North Korea urges talks with South within weeks
North Korea on Saturday took further steps to mend ties with the South, suggesting talks within weeks and reopening an office to encourage cooperation on the fractured peninsula.
The latest offer from Pyongyang followed an apparent easing in tensions, which have soared since the North shelled the South's frontline Yeonpyeong island on November 23, killing four people.
Pyongyang's committee for the peaceful reunification of the fatherland "formally" proposed an "unconditional and early opening" of talks between the two governments.
"The level of the talks and their venue and the date of their opening may be decided under a bilateral agreement," it said.
The committee, the official agency in charge of exchanges between the two, said in its statement that there is "neither conditionality in the North's proposal for dialogue nor need to cast any doubt about its real intention".
"The South Korean authorities should discard any unnecessary misgiving, open their hearts and positively respond to the North's proposal," it said.
South Korea said the offer, which comes after Beijing said it would "support and welcome" any dialogue between the North and South, was more concrete than a call by Pyongyang earlier in the week for "unconditional" talks.
"The government is now analysing the background and intention of this overture," unification ministry spokeswoman Lee Jong-Joo told AFP.
North Korea also proposed an early resumption of talks between the two nations' Red Cross organisations on humanitarian issues and other negotiations aimed at reviving economic exchanges and cross-border tours.
South Korea in May 2010 suspended almost all cross-border economic exchanges, putting the blame on the North for the sinking of a South Korean warship in March, an allegation angrily denied by Pyongyang.
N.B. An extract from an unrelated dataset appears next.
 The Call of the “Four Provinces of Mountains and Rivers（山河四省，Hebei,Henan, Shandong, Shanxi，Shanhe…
North Korea responded by closing the office in its Kaesong City near the border that was used to facilitate inter-Korean economic cooperation but said Saturday it would now re-open the office as a "measure of good faith".
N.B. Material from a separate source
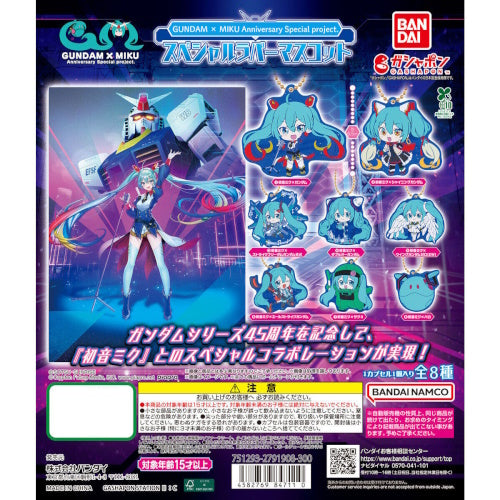 Gundam x Miku Anniversary Special Project Rubber Mascto Bandai Key Chain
Talks on a range of issues, including the resumption of tours of the North's scenic Mount Kumgang and a joint industrial asset at Kaesong should be restarted at an early date, it said.
"We also propose that Kaesong be their venues and they take place at the end of January or in the first half of February," the North said.
Professor Kim Yong-Hyun of Dongguk University said Saturday's overture came in response to the demand from China and the United States that inter-Korean relations should be improved before six-party disarmament talks can be resumed.
The North quit the talks, which group the two Koreas, Japan, China, Russia and the US, in 2009 and staged a nuclear test a month later, its second since 2006, in protest at continuing "hostile" US policy toward the communist state.
"In addition, the North is seeking to obtain economic gains through the resumption of inter-Korean economic exchanges and to stabilise a third generation succession scheme," he said.
Kim Jong-Il, 68, who took over from his father, Kim Il-Sung, is known to be accelerating the transfer of power to his own son Jong-Un after suffering a stroke in 2008.
Relations between the two Koreas were stretched to breaking point after the North's shelling in November, which killed four people including two civilians.
But after a difficult year on the Korean peninsula, 2011 started on a more peaceful note.
The North began the year calling for improved relations with Seoul, while South Korean President Lee Myung-Bak Monday also reached out, saying he was open to talks and offering closer economic ties.
Professor Kim Keun-Sik of Kyungnam University said the North's gesture was also aimed at shifting responsibility for continuing tensions to the South ahead of this month's China-US summit.